According to CNBC, Kentucky has an unemployment rate of 10.4 percent, a projected 2011 budget deficit of $780 million, and ranks 37th in education. Kentucky’s elected leaders’ answer to this predicament is apparently to become even more anti-business: On CNBC’s criterion of “business friendliness,” the Commonwealth ranked 39th of 50 states, down from 31st in 2009. The CNBC study defined business friendliness as “the perceived ‘friendliness’ of [a state’s] legal and regulatory frameworks to business.”

It is of little solace to people in the Kentucky horse racing and breeding industry to know that they are not alone in the way state government has treated them—the state’s elected officials, as a group, are hostile to business per se. They are largely inhibitors and destroyers of economic activity, job killers rather than job creators. Reminds me of Green Bay Packers’ right tackle Henry Jordan’s quip about legendary Coach Vince Lombardi: “He’s fair, he treats us all the same–like dogs.”

Senate President David Williams has been getting too much credit/blame for his antipathy toward racing. Although Williams is culpable, he evidently has plenty of vocal and silent co-conspirators in Kentucky government from both political parties. He did not make Kentucky so anti-business by himself and this kind of negative climate has been generations in the making. Kentucky should have had racetrack slots many years ago, so there is a lot of blame to go around to current and former elected officials in Frankfort. In my research, I can find no other case of where a state government worked against the economic interests of its signature industry.

No doubt the spin out of Frankfort will be that the CNBC report is flawed.  Judge for yourself the next time you see that a Kentucky racetrack has cut purses, or read of a trainer moving his or her stable to a racino venue, or see that a stallion is being relocated from Lexington to another state with better incentives.

By the way, two other historically prominent but currently troubled racing states–New York and California—rank 45th and 49th, respectively, on “business friendliness.”

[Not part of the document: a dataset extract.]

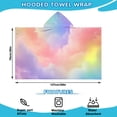thumbnail image 2 of Pastel Rainbow Clouds Hooded Bath Towel，50"x30" for Ages 3 To 12 Kids, Quick Dry Lightweight Soft Microfiber Hood Beach Towel Cover Up for Kids, 2 of 7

Copyright © 2010 Horse Racing Business

Click here to see “America’s Top States for Business 2010—A CNBC Special Report”


  1. Bill,

    A great, spot-on piece.

    Although Williams is a leading contributor to the commonwealth’s problems, he has plenty of support, or most obviously, he would have been voted out of his position.

    We can do better.


  2. aunt bea says

    What most people forget about in the debate over why KY can’t get slots, Bill, is that the common man of KY, (aka the majority of voters outside the Bluegrass), constantly tell themselves, **** big business & **** big horse farm owners!!! What do they do for me???
    I’m not sayin they are right, but when the **** hit the fan in the TB business, the bluegrass tried to ram slots down KY’s throat, and KY said to the industry, ” go**** yourself, in so many defeated slots referendums.
    Again, that’s just the way I see it.

  3. Answer to Aunt Bea,

    Ky. voters never got to vote on a slots referendum. The legislature would not put a slots vote on the ballot.

  4. Garrett Redmond says

    Using the words “signature industry” for the horse business is appropriate. A signature goes at the bottom of the page, exactly where the KY. government intends the horse industry to be.

    Obviously Sen. Williams is not the lone culprit. He is supported by a majority of legislators. Their major industry is basketball (under the guise of education) and their principal recreation is church-going. They see horses as a real and present danger to both.

  5. Concerned observer says

    When the leaders of your industry, Farish and Jones, multi-millionaires at a minimum, are selected as the spokesmen to “plead poverty”
    and beg for the opportunity to add Casinos to their industry, this appears to the guy making $20K/year and living in a tired old trailer, like the rich getting richer. I know the e-mails will roll-in saying that is not the case….but it is the perception.